В 1947 году демобилизовали его вместе с другими сибиряками, но обратно собирались не все: кто остался в Белоруссии, кто по пути застрял в Москве.
Москву Копылов посмотрел, красивый, говорит, город, понравился, двух дней хватило — а дальше на иркутский поезд и к Байкалу. Домой.
— Ну, давай теперь телевизор посмотрим, что там новенького у нас!
Алексей Васильевич долго шарит за ящиком в поисках провода, бережно выключает музыкальный центр. Смотреть телевизор он не большой любитель, а музыку — военные песни, «Любэ» и, как он говорит, «Ленечку Утесова» слушает постоянно. Телевизор барахлит, Алексей Васильевич несколько раз стучит кулаком по крышке, и изображение проявляется: Владимир Путин долго идет по коридорам кремлевской резиденции к своей четвертой инаугурации на президентский срок.
— Что-то это не очень новенькое, — замечает Алексей Васильевич.
Он спрашивает, за кого я голосовала, а на ответный вопрос хитро подмигивает:
— Секрет! А ты чего ж тайну голосования не блюдешь!
Голосовал он, впрочем, привычно за коммунистов, хотя особенно теплых чувств к ним не испытывает и в партию не вступал.
— Я ж заместителем в Микояновском колхозе был, надо мной пять председателей сменилось — а я все сижу. Был бы партейный — точно был бы председателем!
Спрашиваю, чего б и не стать, действительно, председателем, Копылов опять подмигивает и говорит:
— А на хрена? — и добавляет. — Профилем я на Ульянова не особенно похож.
Алексей Васильевич имеет в виду фильм «Председатель» с Михаилом Ульяновым в главной роли, где фронтовик возвращается в родную деревню, разоренную войной, и налаживает там колхозную и семейную жизнь.

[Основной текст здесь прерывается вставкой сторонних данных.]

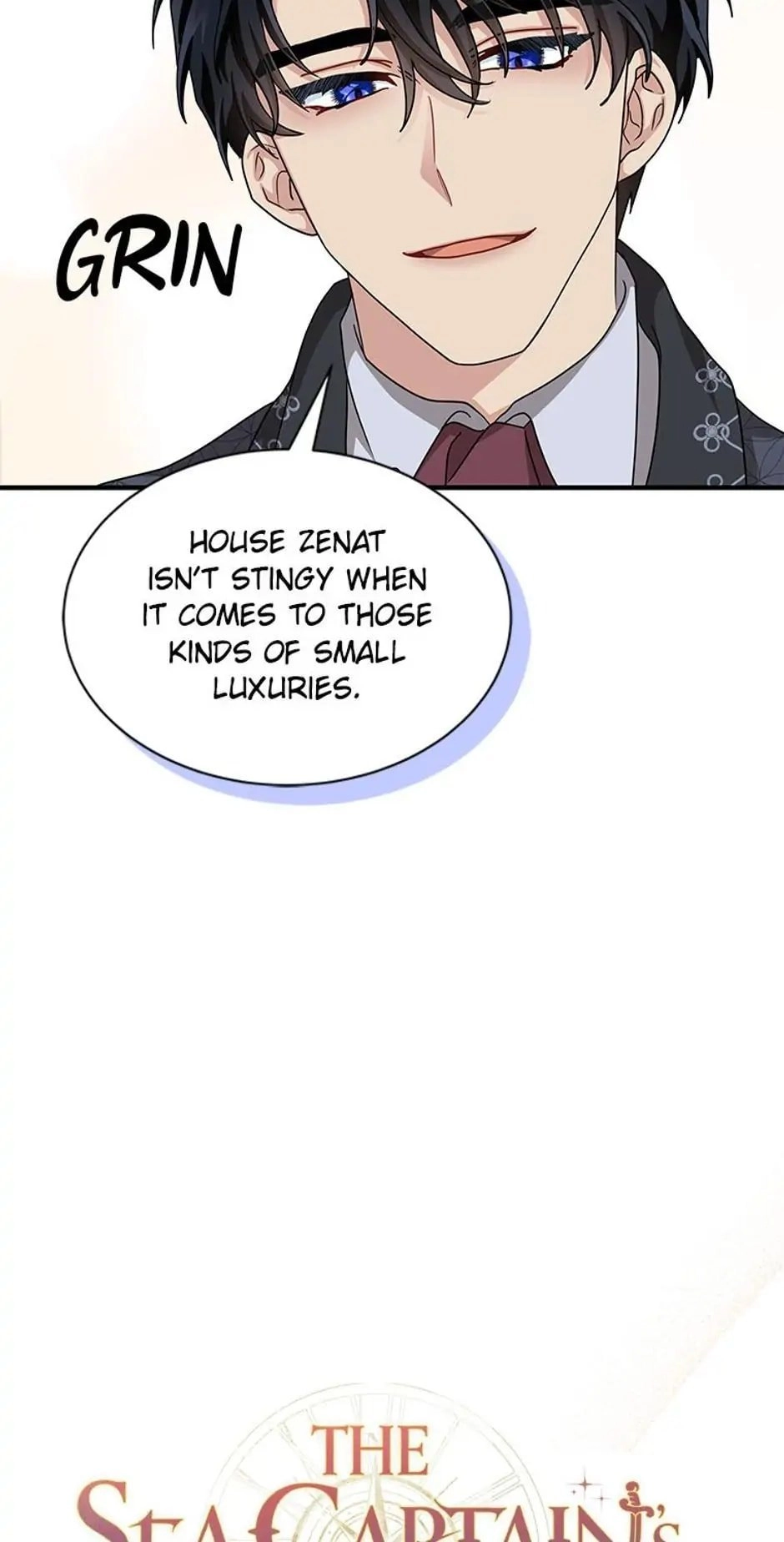 I Became the Head of the Family Chapter 8 Page 33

В родную деревню после войны Копылов не вернулся — райвоенком, к которому старший сержант явился с документами, сказал: «Чего тебе в той Курети, езжай на Ольхон, красота, отдохнешь». Что такое остров Ольхон, Копылов тогда не знал, хотя от Курети это меньше ста километров. Во-первых, не было никакой трассы в тридцатые годы, а во-вторых, было не в заводе куда-то ездить, в первый раз дальше райцентра Копылов выехал только с началом войны.
— Интересно мне стало, что за Ольхон такой и отдохнуть интересно! Я и отдохнул, — Копылов смеется. — 24 центнера с гектара надо было давать, а у меня девки в бригаде мал мала меньше и ни одного инструмента, ни косилок, ни молотилок, ничего! Я взял козу, поехал в Маломорец к буряту старому одному, торговался-торговался и уговорил его все же косилку мне выменять, дело пошло легче.
Наладив дела своей бригады, Алексей наладил и семейную жизнь — женился на Марии, Маше, своей «баушке».
Вишневый жигуль Копылова несется с холма, кажется, прямо в Байкал по дороге, больше похожей на терку. Сначала Алексей Васильевич долго пытался его завести, потом сам толкал, в конце концов удалось раскочегарить подсевший аккумулятор. Из-под колес рассыпаются евражки, малые суслики, Алексей Васильевич лихо крутит руль, объезжая ямы и невысокие сосны, он явно доволен и тем, что машина завелась, и тем, что я побаиваюсь и прошу ехать медленнее.
— Ну че ты, че ты, прям как баушка моя! Она мне только на шестидесяти ехать разрешала, чуть надбавишь, сразу так «Ле-ша! Шестьдесят!» — так я спидометр рукой прикрывал и дальше на ста, а сам говорю: «Ма-ша! Как обещал, так и еду!»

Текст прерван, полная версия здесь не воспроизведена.